■ ABOUT THIS TASK ■
Please copy out the full listing that follows exactly; no picture belongs in the copy.

■ DATASET EXCERPT ■
=== Section Start ===
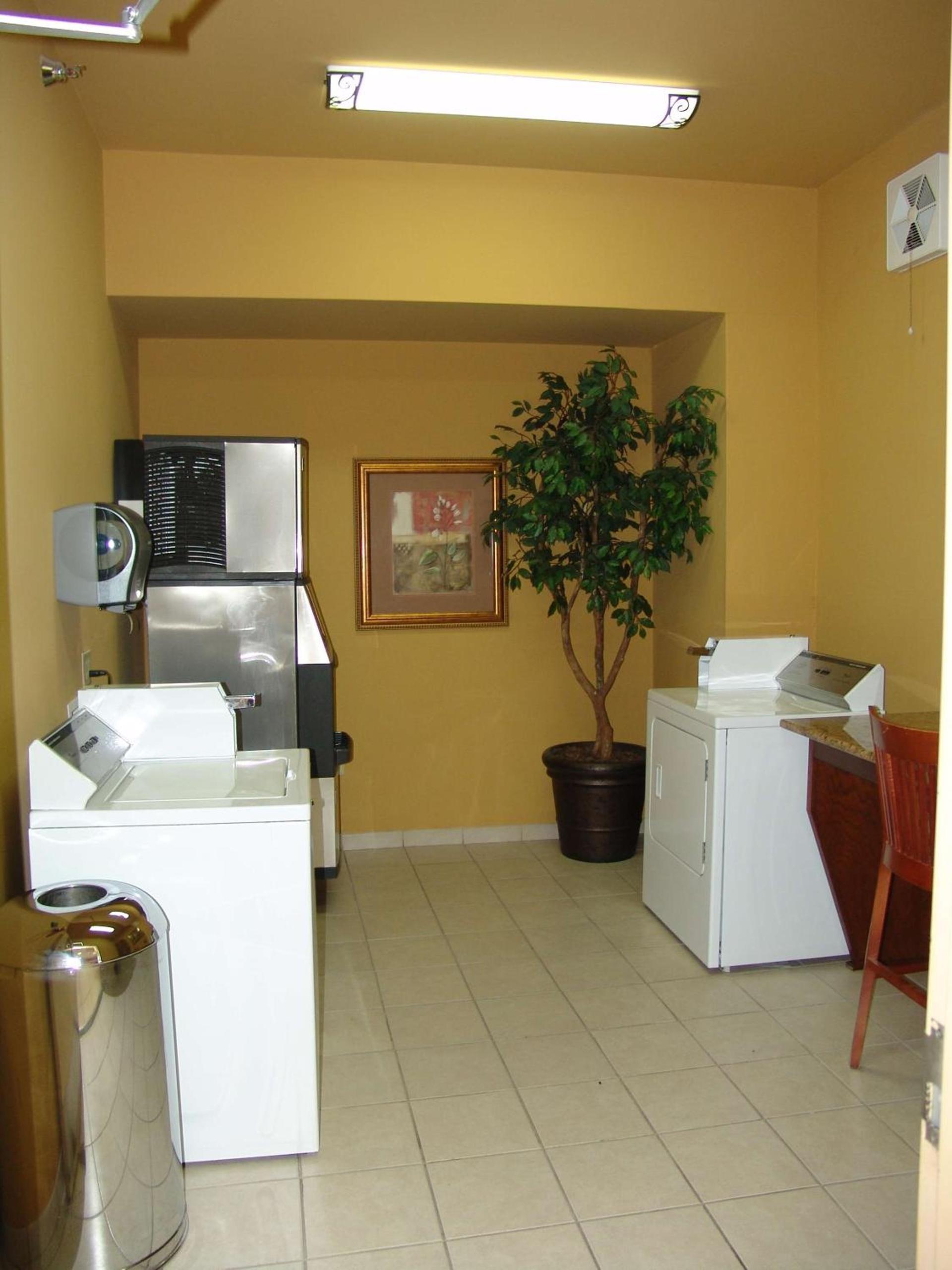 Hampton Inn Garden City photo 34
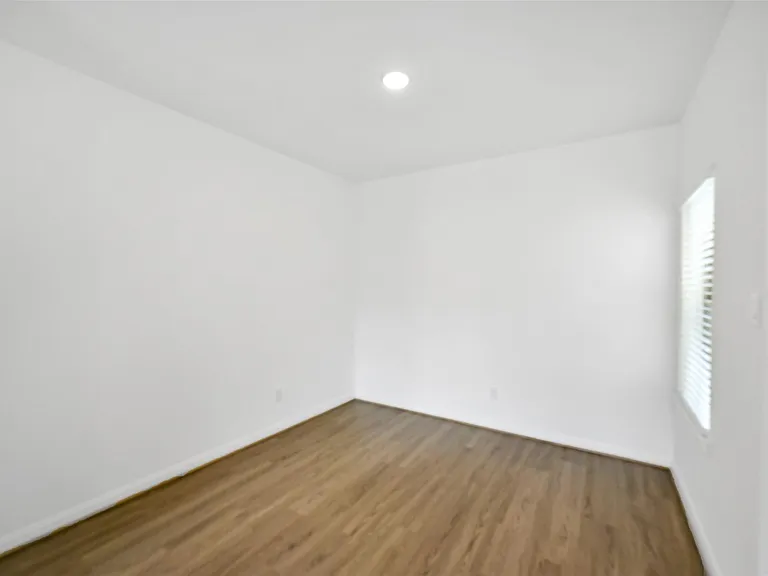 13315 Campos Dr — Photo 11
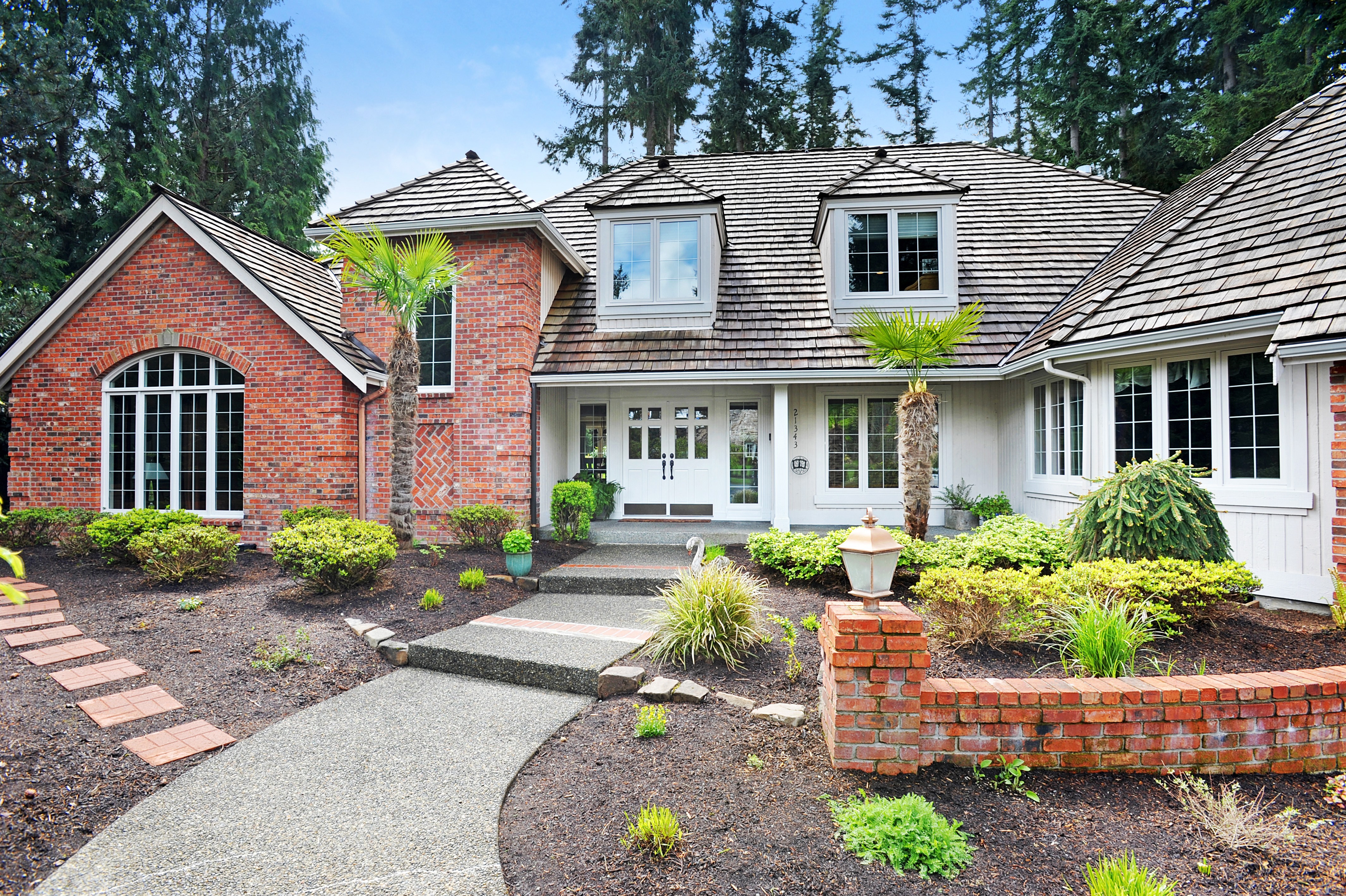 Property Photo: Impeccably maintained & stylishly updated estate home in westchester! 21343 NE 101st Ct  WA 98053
=== Section End ===
■ FINAL ANSWER ■
 Hampton Inn Garden City photo 34
 13315 Campos Dr — Photo 11
 Property Photo: Impeccably maintained & stylishly updated estate home in westchester! 21343 NE 101st Ct  WA 98053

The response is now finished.